*** Opening of GIVEN ENTRIES ***

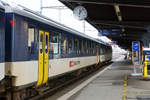 Regio Neuchâtel - Frasne mit RBDe 562 004-2 in Neuchâtel am 2. November 2019-
Foto: Walter Ruetsch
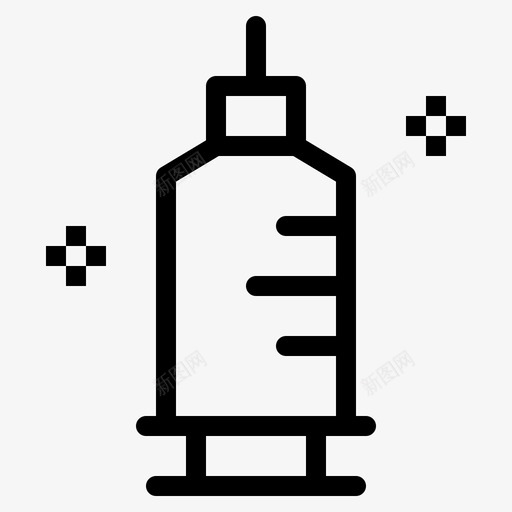 化学医药制药图标svg_新图网 https://ixintu.com 制药 化学 医药 注射器 生产线 生化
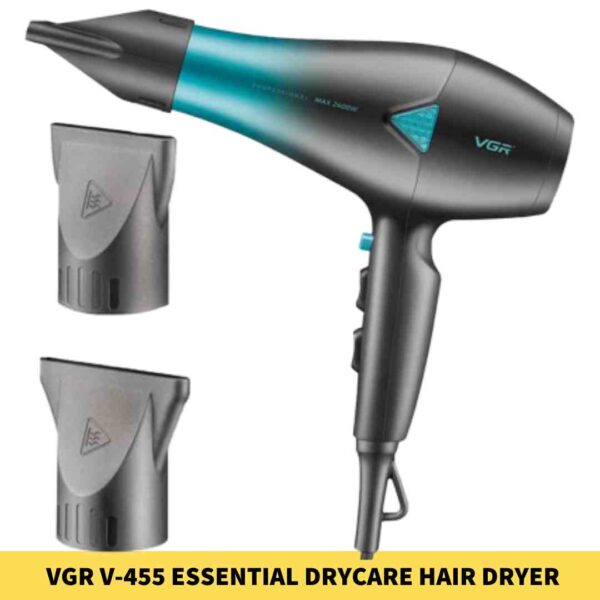 VGR V-455 Essential DryCare Hair Dryer Salon Series for Women in BD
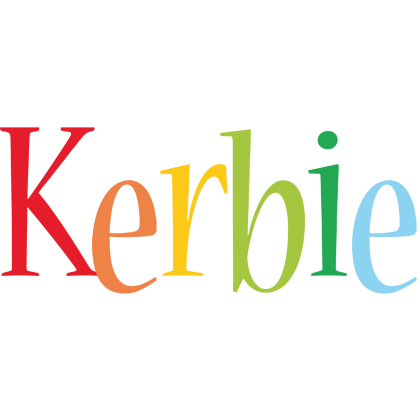 Kerbie birthday logo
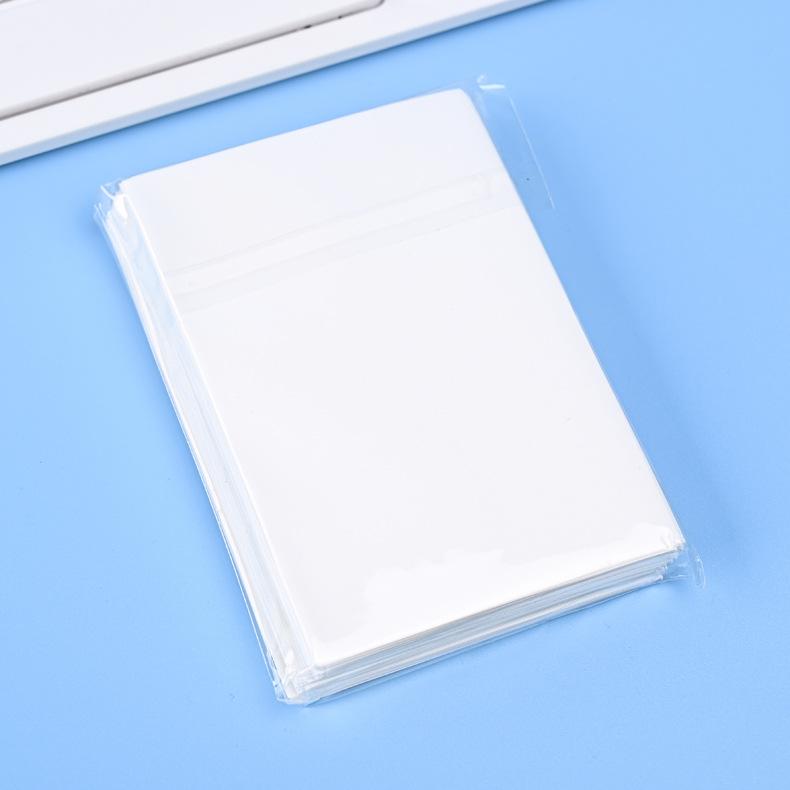 50pcs/Pack 61x91mm Ins Kpop Idol Card Sleeves Top Loaders Cards Protectors-Pink Back To School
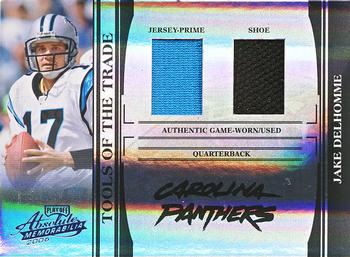 2006 Playoff Absolute Memorabilia - Tools of the Trade Material Double Black Spectrum #TOT-68 Jake Delhomme Front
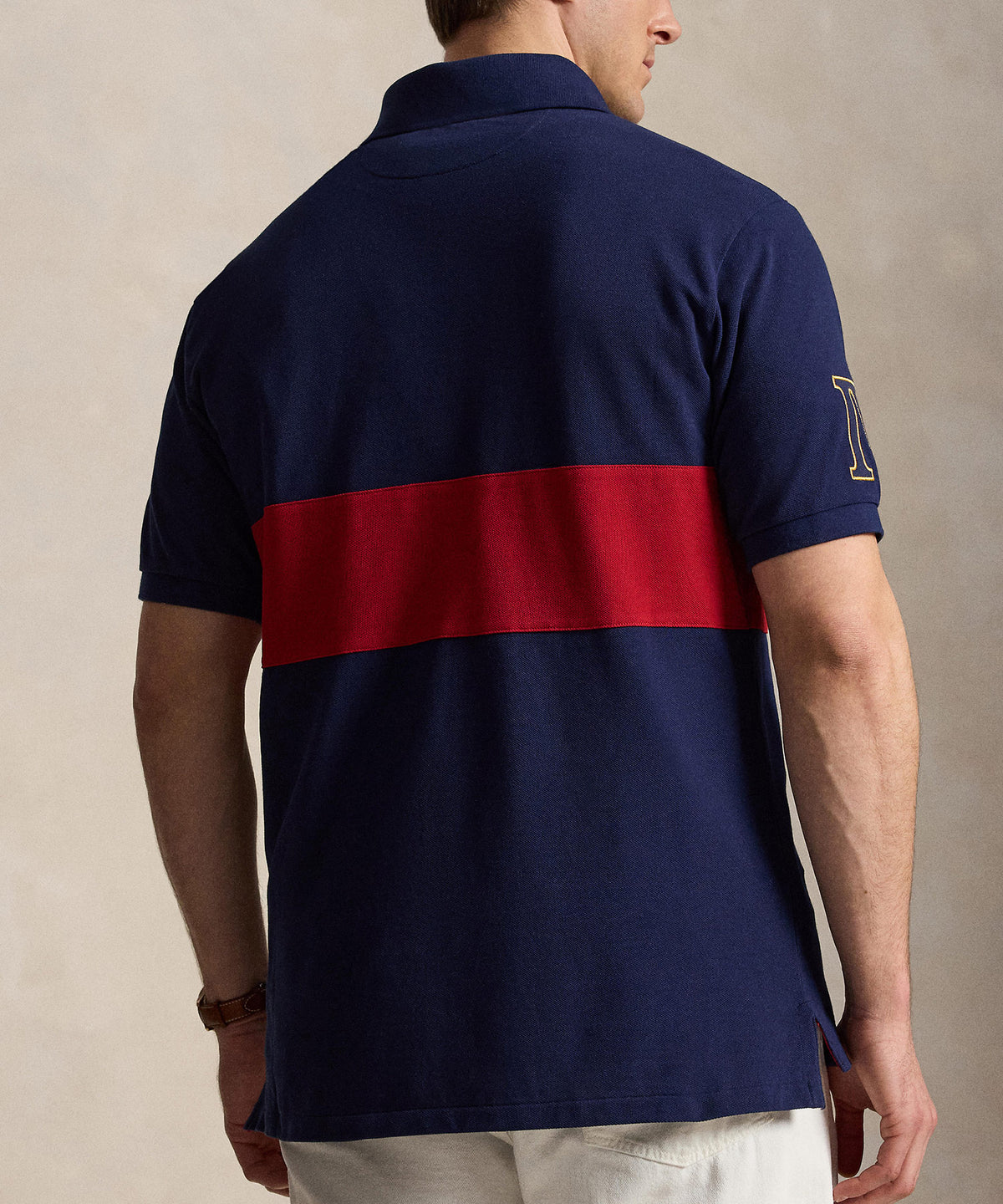 Polo Ralph Lauren Short Sleeve Dual Player Mesh Graphic Polo, Men's Big & Tall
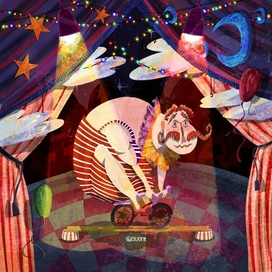 "Circus" - for the Amosa publishing house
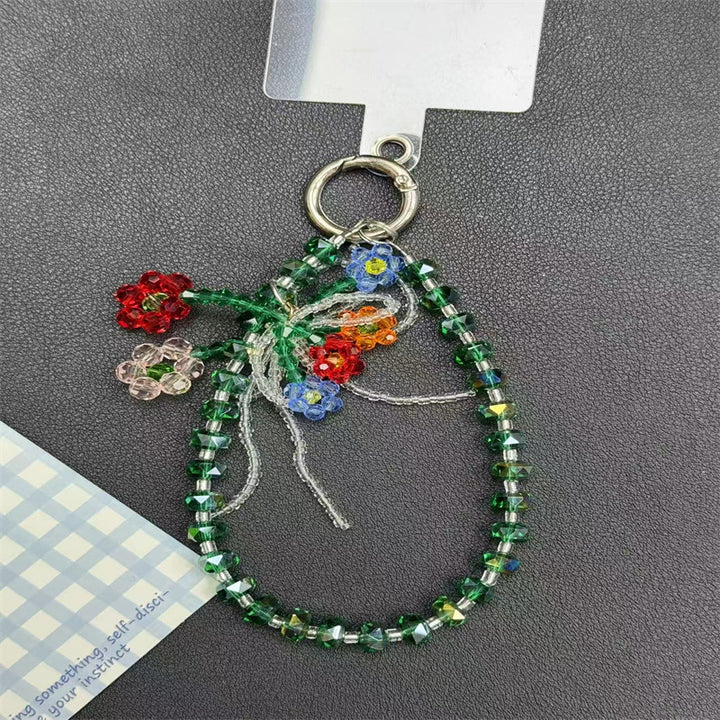 Decorative Beaded Charm Keychain Stornfield 1790135326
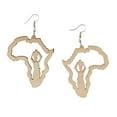 thumbnail image 3 of 2 Pares de Pendientes Colgantes de Gancho de Hechos para Mujeres Y Niñas, 3 of 9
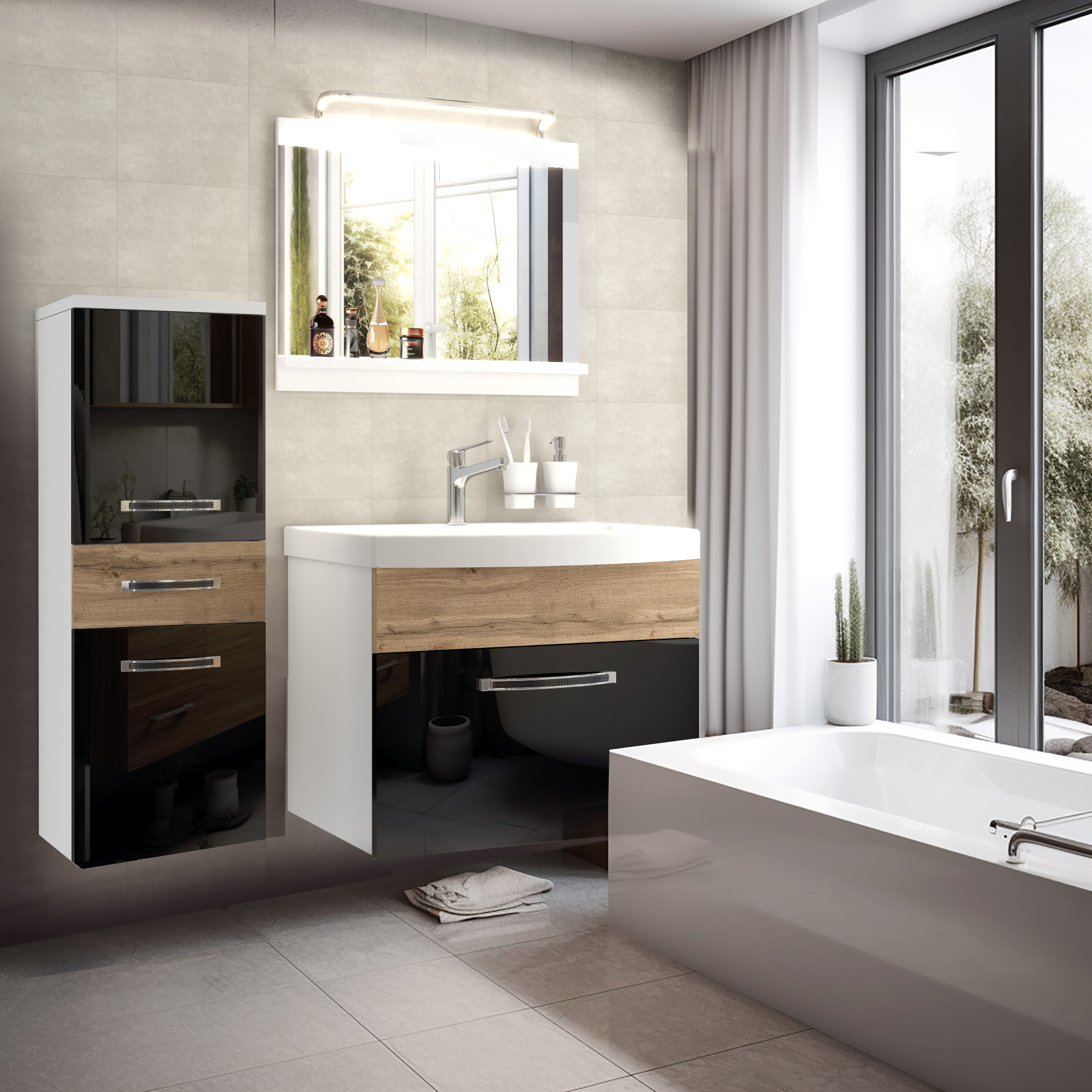 Mobilier de baie modern și elegant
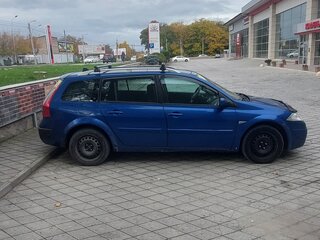 2007 Renault Megane II Рестайлинг, синий, 500000 рублей, вид 2
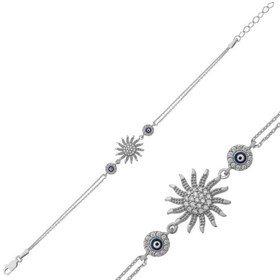 Resim Silver Sun Women's Bracelet 
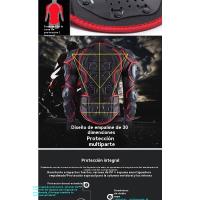 Motocross Moto Armadura Traje de Carreras de Protección contra Caídas Conjunto de Protector de Pecho y Espalda Pantalones Cortos Rodilleras - details 2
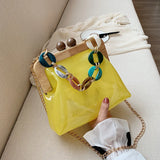 Acrylic Crossbody Bag Women Transparent Clutches Female Handbag Clear PVC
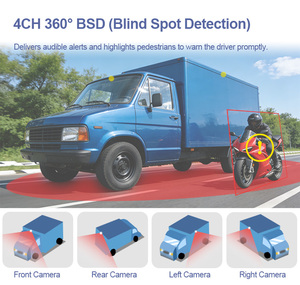 Kamera Mundur Mobil 7 Inci dengan Monitor Layar Sentuh AHD 10.1 Inci dan 4.3 Inci, Sistem Bantuan Parkir Belakang - Product Image 6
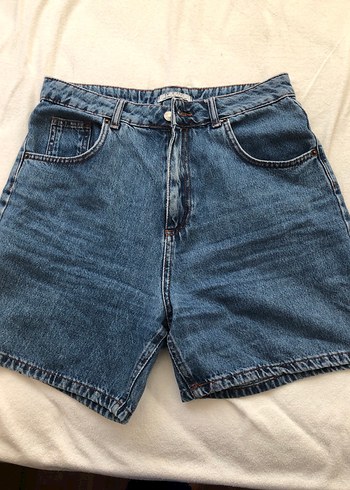 Mavi Rahat Kesim Kadın Denim kot Şort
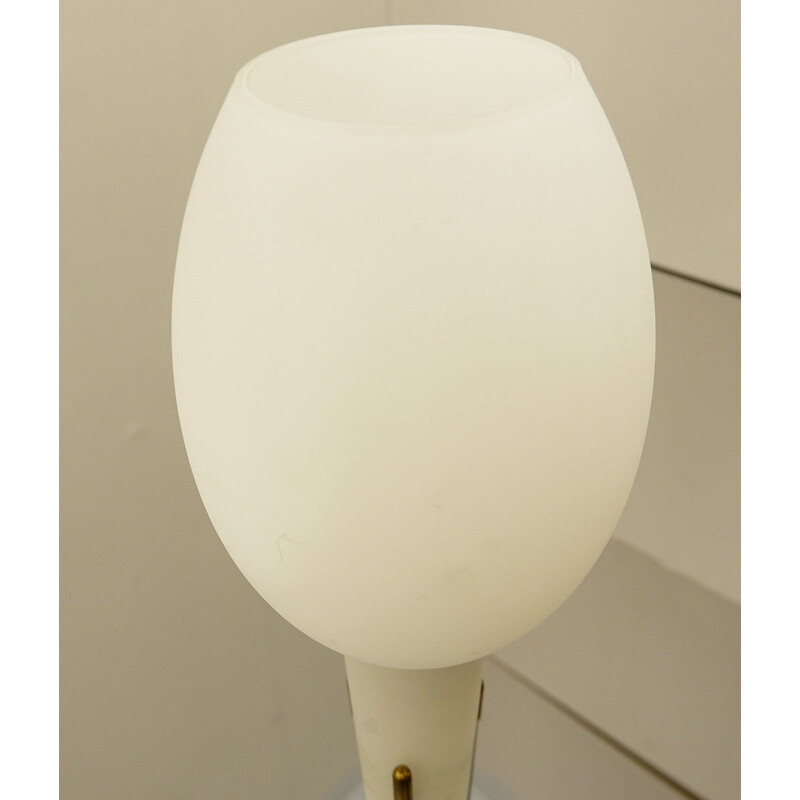 Vintage Opaline Floor Lamp from Stilnovo, 1950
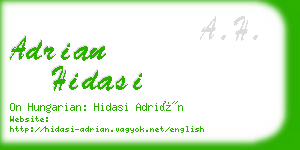 adrian hidasi business card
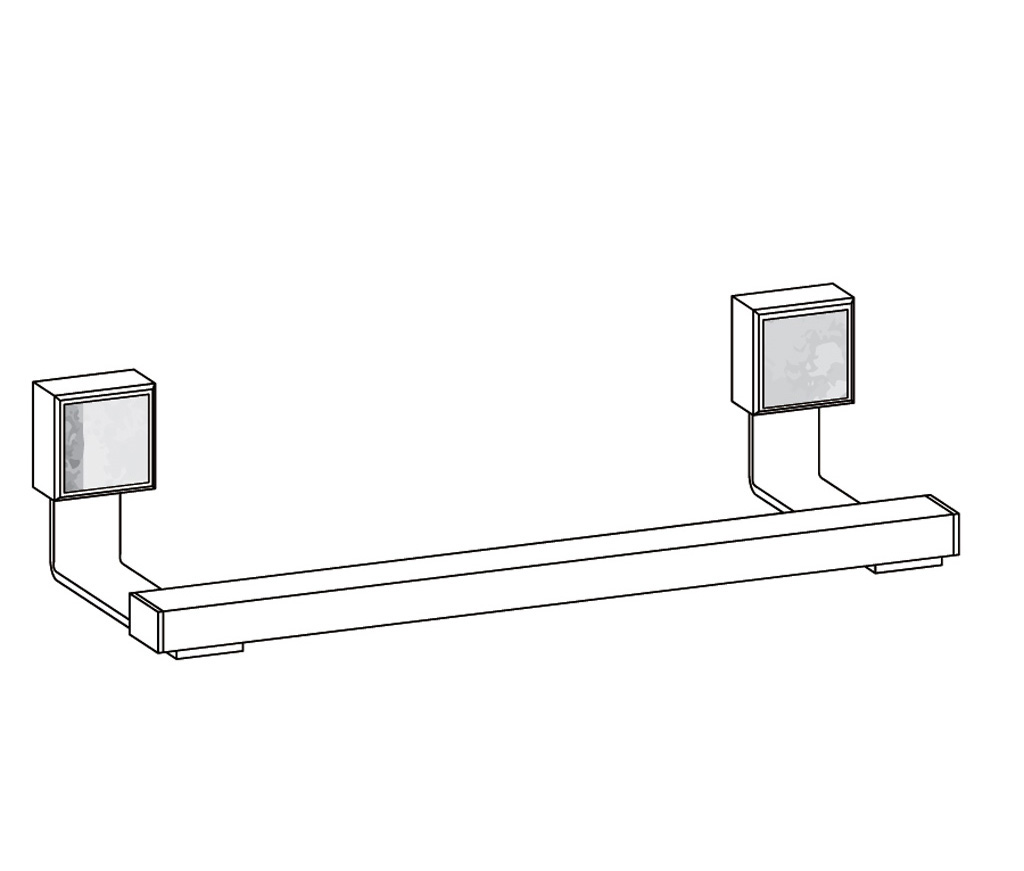 S19-508 Wall mounted single towel bar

*** Close of GIVEN ENTRIES ***

■ PROBLEM DESCRIPTION
Leave the pictures aside and print exactly, and only, the lines from the one with "Motocross Moto Armadura" through the end of the data, both included.

■ TASK OUTPUT
 Motocross Moto Armadura Traje de Carreras de Protección contra Caídas Conjunto de Protector de Pecho y Espalda Pantalones Cortos Rodilleras - details 2
 Acrylic Crossbody Bag Women Transparent Clutches Female Handbag Clear PVC
 Kamera Mundur Mobil 7 Inci dengan Monitor Layar Sentuh AHD 10.1 Inci dan 4.3 Inci, Sistem Bantuan Parkir Belakang - Product Image 6
 Mavi Rahat Kesim Kadın Denim kot Şort
 Vintage Opaline Floor Lamp from Stilnovo, 1950
 adrian hidasi business card
 S19-508 Wall mounted single towel bar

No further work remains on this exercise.